4.3.4 L’appelante reproche également au premier juge d’avoir tenu compte de frais de repas chez l’intimé, au motif que lesdits frais seraient en réalité payés par l’employeur de l’intéressé. La critique est fondée. Il ressort en effet du dossier que l’intimé se voit créditer un montant de 135 fr. par mois sur une carte dédiée, afin qu’il puisse s’acquitter de ses frais de repas. C’est donc à tort que le président a retenu que l’intimé acquittait les frais en question au moyen de l’indemnité forfaitaire pour frais de représentation qu’il perçoit. L’intimé ne rendant pas vraisemblable que ses frais de repas effectifs dépassent le montant susmentionné, aucune charge y relative ne sera portée dans ses charges. Cela se justifie d’autant plus que le montant mensuellement chargé sur la carte précitée est plus élevé que la charge de 73 fr. 35 – non critiquée par l’intimé – retenue par le président à titre de frais de repas chez l’intéressé et que celui-ci ne se rend que huit jours par mois sur son lieu de travail.

4.3.5 L’intimé reproche au premier juge de ne pas avoir tenu compte dans ses charges d’un leasing de 762 fr. 95 et de frais de véhicule (composés de primes d’assurance, de frais d’essence, de frais d’entretien, de la taxe véhicule, de frais de parking et la vignette autoroutière) qu’il estime à 673 fr. 75 par mois. Il fait valoir que s’il n’a certes pas de voiture, il va en acquérir une et que la durée de ses trajets en serait sensiblement réduite. Il relève en outre, s’agissant plus particulièrement des frais de parking allégués, qu’un bail relatif à une place de parc est lié au bail de son appartement.

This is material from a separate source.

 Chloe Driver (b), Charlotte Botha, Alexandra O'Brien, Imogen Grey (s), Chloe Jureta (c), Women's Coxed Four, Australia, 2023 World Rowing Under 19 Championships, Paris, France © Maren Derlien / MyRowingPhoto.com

Le raisonnement du président, qui a refusé de tenir compte des charges précitées, ne prête pas le flanc à la critique et doit être confirmé. En effet, seules les charges effectives, dont le débirentier s’acquitte réellement, peuvent être prises en compte (ATF 126 III 89 consid. 3b ; ATF 121 III 20 consid. 3a ; cf. ég. parmi d’autres TF 5A_65/2013 du 4 septembre 2013 consid. 3.2.1) et il ne se justifie en aucun cas d’inclure un montant permettant l’acquisition d’un véhicule dans le minimum vital d’une partie (de Weck-Immelé, in Bohnet/Guillod [édit.], Commentaire pratique, Droit matrimonial – Fond et procédure, Bâle 2016, n. 122 ad art. 176 CC). L’intimé n’étant pas propriétaire d’une voiture, aucuns frais ne sauraient être pris en compte à ce titre dans ses charges. Quant au coût de la place de parc prétendument liée au bail de son appartement, rien n’empêche l’intimé de la sous-louer, ce que l’intéressé ne prétend même pas avoir tenté de faire.

On confirmera également la décision du président s’agissant des frais de transport en commun que l’intimé souhaite voir comptabilisés dans ses charges. En effet, les frais de transport de l’intéressé sont couverts par les indemnités mensuelles qu’il perçoit à ce titre, à hauteur de 264 fr. (125 fr. + 139 fr.), respectivement 340 fr. (125 fr. + 215 fr.) au total depuis le 1er janvier 2023. Il se justifie ainsi de procéder comme le premier juge l’a fait tant pour l’appelante que pour l’intimé, soit de ne pas inclure de frais de transports dans leurs budgets, les indemnités précitées n’ayant pas été prises en compte pour arrêter leurs revenus. On relèvera que les indemnités en question suffisent manifestement à couvrir les frais de transport en commun de l’intimé, que celui-ci estime à 215 fr. par mois dans sa réponse sur appel. C’est le lieu de relever que le montant versé à l’intimé par son employeur à titre d’indemnité pour frais de transport est plus élevé que celui perçu par l’appelante à ce titre, alors qu’elle est tenue de se rendre sur son lieu de travail tous les jours, contrairement à l’intimé.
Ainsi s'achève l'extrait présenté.